Elijah’s ministry will spare the people from God’s curse on the land.  Among the blessings and curses of the covenant are promises regarding the land.  If the people obey the covenant, the land will be blessed and if the people do not obey, the land will be cursed (Deut 11:13-17).  The end of verse 6 seems to refer to the curses of the covenant but on a wider scale.  For people whose hearts are not prepared the day of the Lord brings only judgment.

Thus God closes His last words for the next four centuries with references to Moses – representing the law – and Elijah – representing the prophets.  The law and the prophets – the same words Jesus will use to refer to the entirety of the Old Testament.  Interestingly, these will be the same two men who meet with Jesus on the Mount of Transfiguration (Jewish tradition holds that Moses did not die – God simply took him from Mount Nebo.  Elijah definitely did not die as God took him in a chariot of fire.  Thus, according to some theories, both are alive and can return).  The people must return to Moses and look forward to Elijah.  To be restored to God the people must remember the covenant and look forward to its fulfillment. 

Remember the law and trust in God’s promise to send a Savior – these are the most important things God wants His people to remember until He speaks to them again in 400 years.

God’s final command addresses perfectly the problem of the people of Malachi’s time – their view of God.  Since they do not abide by the law their view of God is skewed (and since their view of God is skewed they have no sense of urgency to keep the law).  They have no sense of His holiness and righteousness.  They do not understand His perfection and His demand for perfection for His people.  God sends them back to the law to remedy their small view of Him and their complacency towards obedience.

In the same way the law forces us to confront God’s holiness and our sinfulness.  It puts our status before Him in the right perspective.  That is why remembering the law is not simply a command for Old Testament Israelites – it is relevant for us today.  The law reminds us of God’s perfection and our need of redemption.  It shows us God’s standards for His children.  Since the standards are impossible to uphold, they drive us continually to the gospel.  As we meditate on the gospel our love for God and for our redemption drives us to obedience – which brings us back to the law.  We do not strive to fulfill the law for our salvation – we strive to fulfill the law in love and thanksgiving for our salvation.  Thus the law is our means both of understanding God and of demonstrating our love for Him.
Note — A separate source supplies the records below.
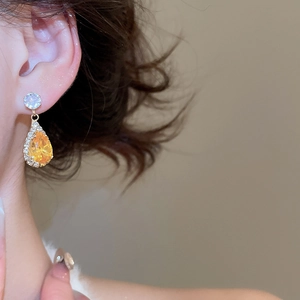 Close-up of sparkling gold water drop earrings with yellow gemstones worn on model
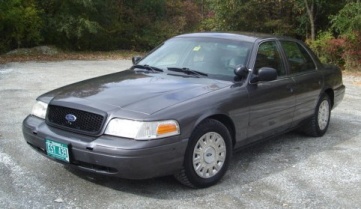 2003 Ford Crown Victoria - This 2003 Ford Crown Victoria sedan is shown from a three-quarter front view.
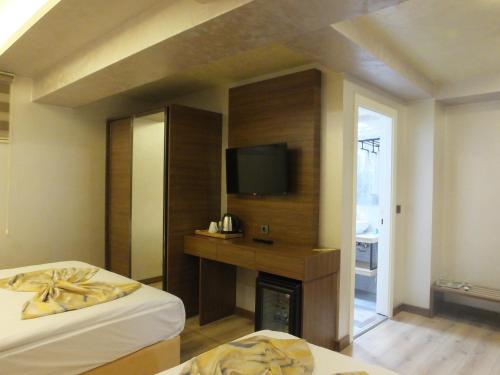 Imagen de la habitación del Hotel ANKUVA HOTEL. Foto 18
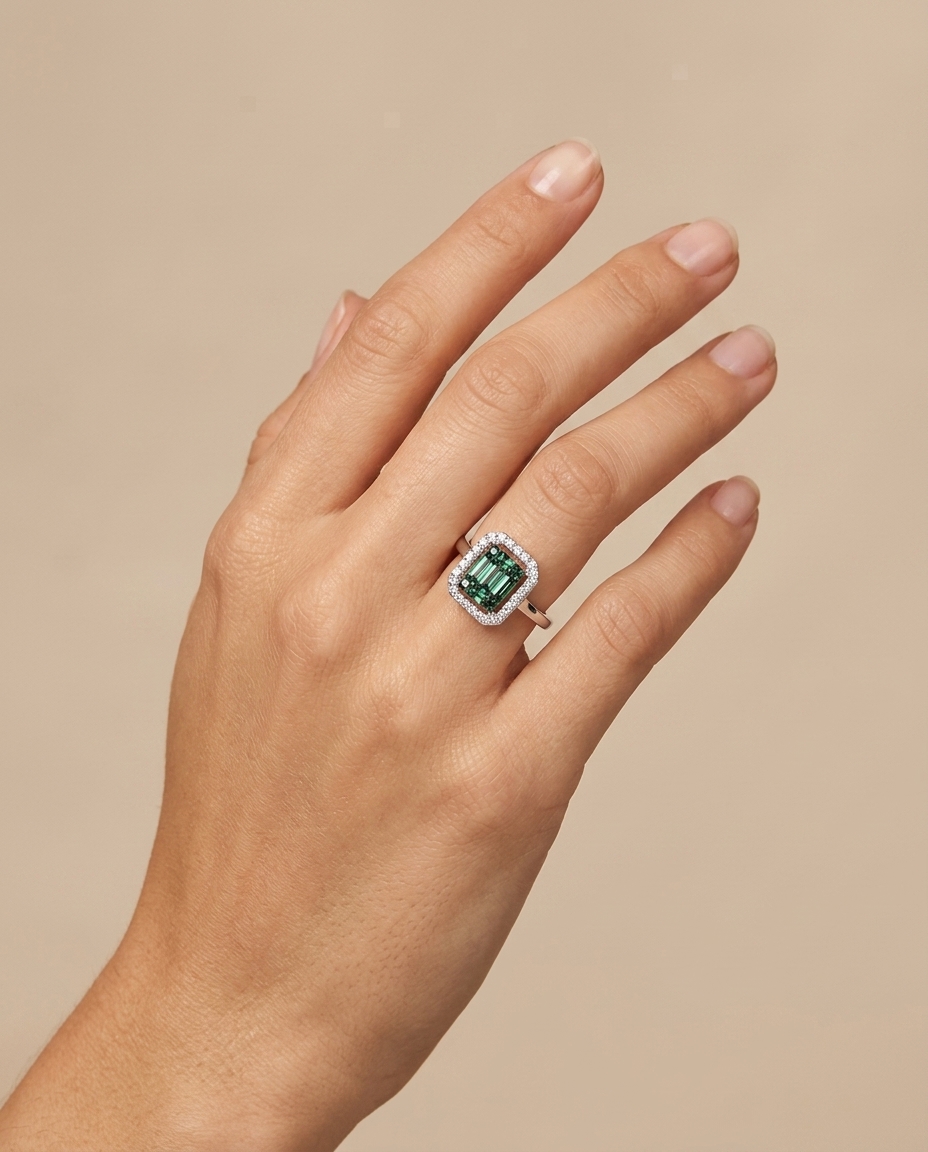 18KT White Gold Emerald and Diamonds Ring on model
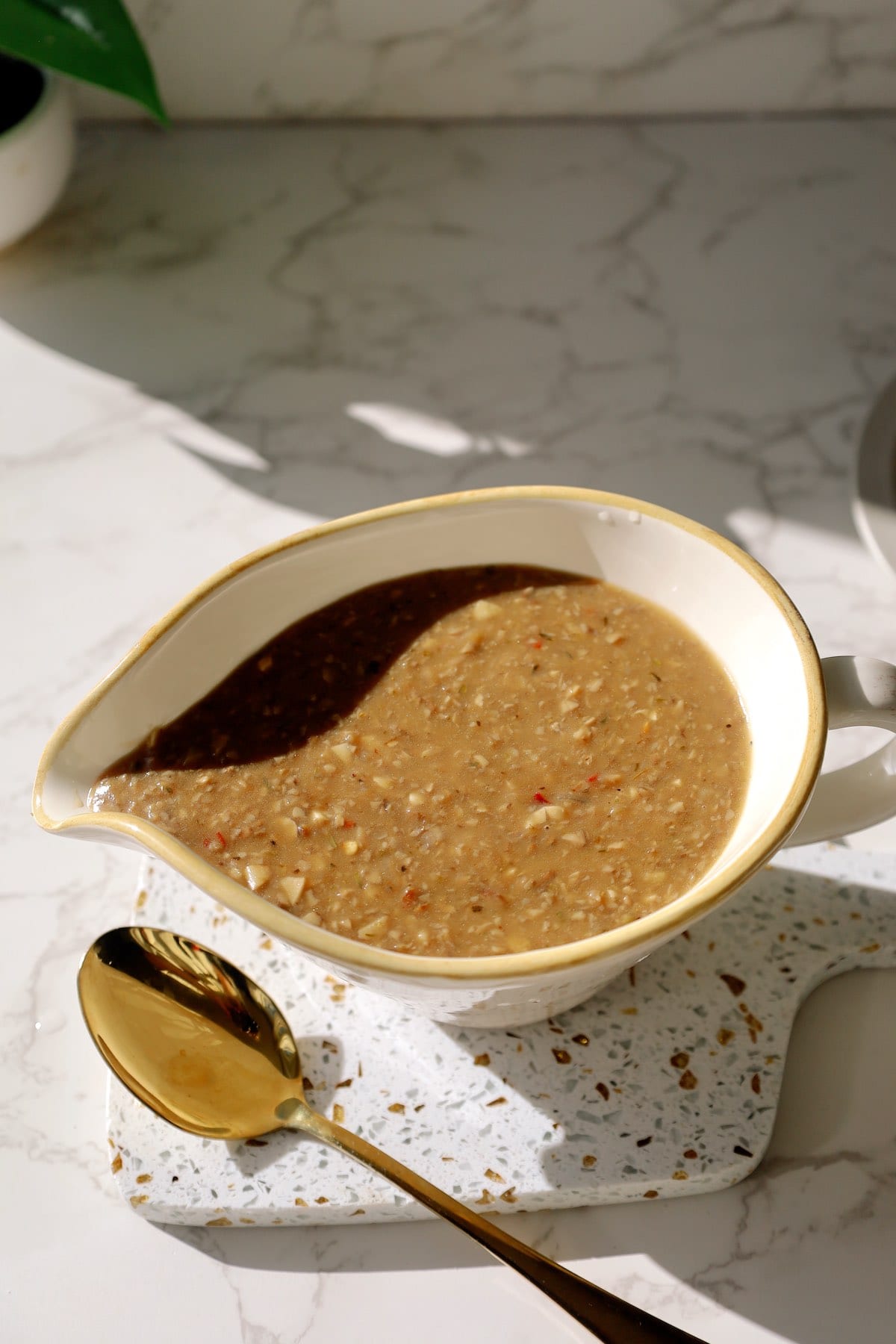 Creamy mushroom gravy in a white gravy boat beside a gold spoon.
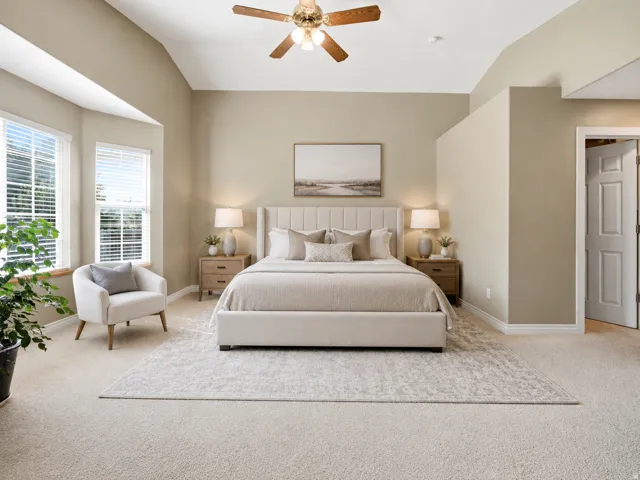 Primary Vaulted ceiling with a ceiling fan, bay window with blinds, light-colored carpet flooring, and a neutral color palette throughout AI staged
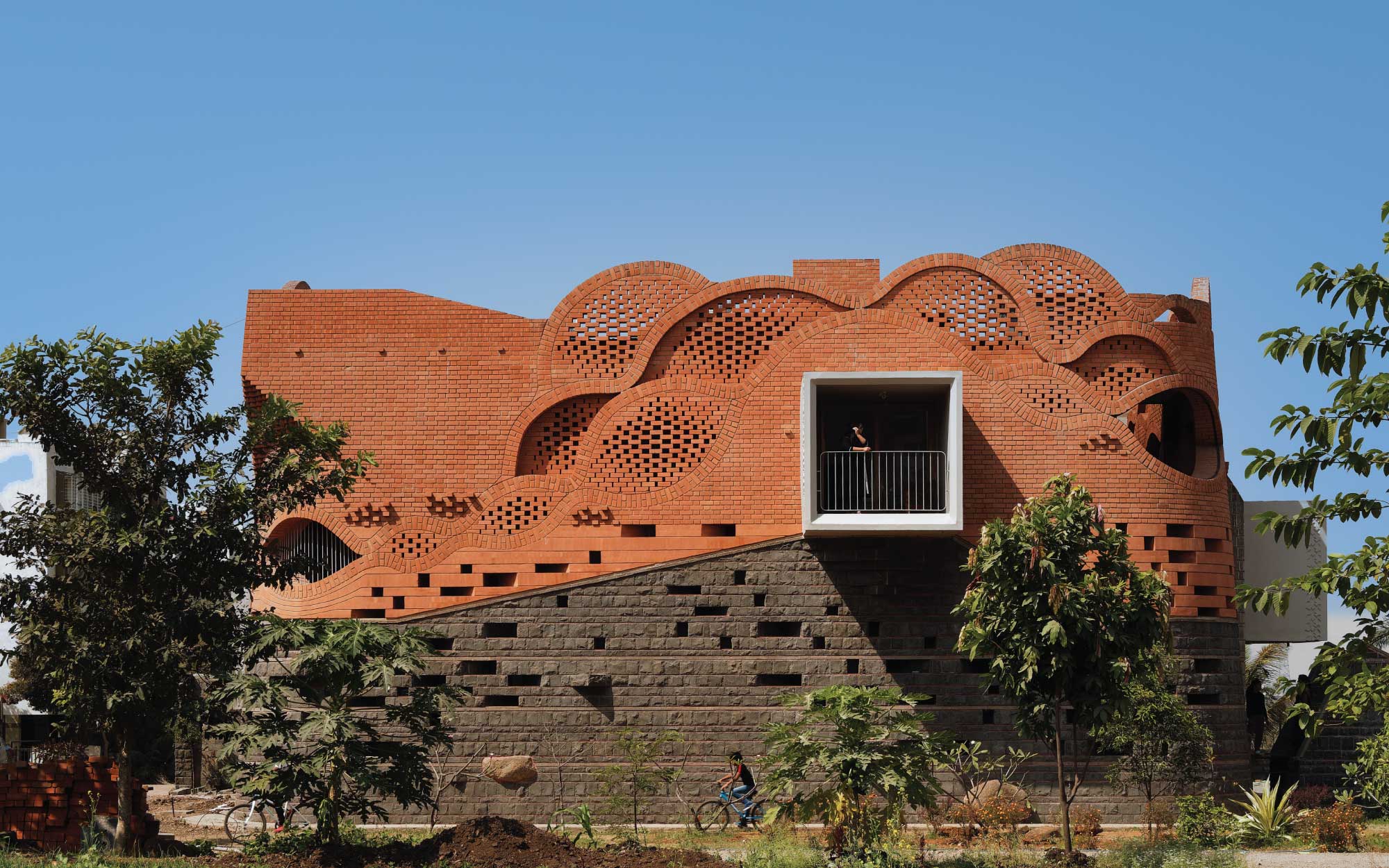 The façade transitions from a heavy stone base to soft, scalloped brickwork above. (Image Credits: Hemant Patil)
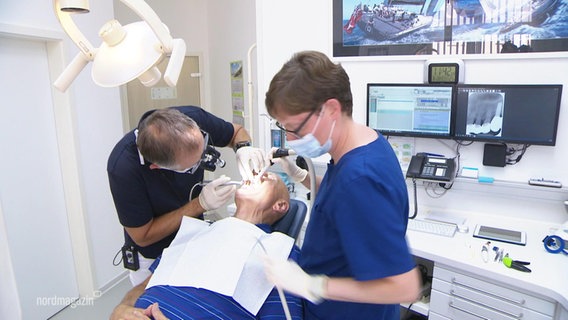 Blick in eine Zahnarztpraxis: einem Patienten wird von einem Arzt in den Mund geschaut, eine Zahnarzthelferin hält einen Schlauch. © Screenshot 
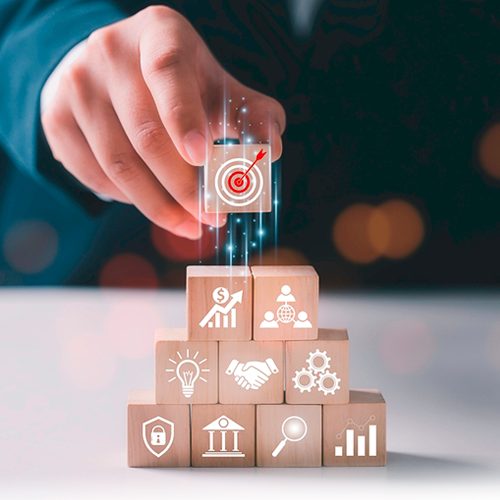 A imagem mostra uma mão masculina montando uma pilha de elementos fundamentais para a estratégia adaptativa. Na mão se encontra a peça com o símbolo de um alvo para representar o foco.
God’s promise to send Elijah resonates with us also.  Elijah may or may not come again to usher in the last times, but in either case his ministry of preparing hearts for the last day must be completed in us as well.  We look back to the law to understand God and inform our view of Him but we look forward to His return to motivate us to righteousness (we will stand before Him) and rest in His ultimate victory.  Victory and judgment are coming.  The consummation of our salvation is coming.  Like the Israelites, we live continually with a view of the coming great and terrible day of the Lord.

Let the law inform our view of God.
Let our view of God inform our every thought and action.
Let every thought and action look forward to Christ’s return.

The ultimate lesson of Malachi is that our view of God is the most important thing about us.  A small God equals a big world and a big view of self.  A big God equals a small world and a small – and correct – view of self.  The Israelites of Malachi’s time served a small God.  We must hallow His name daily and serve a big God.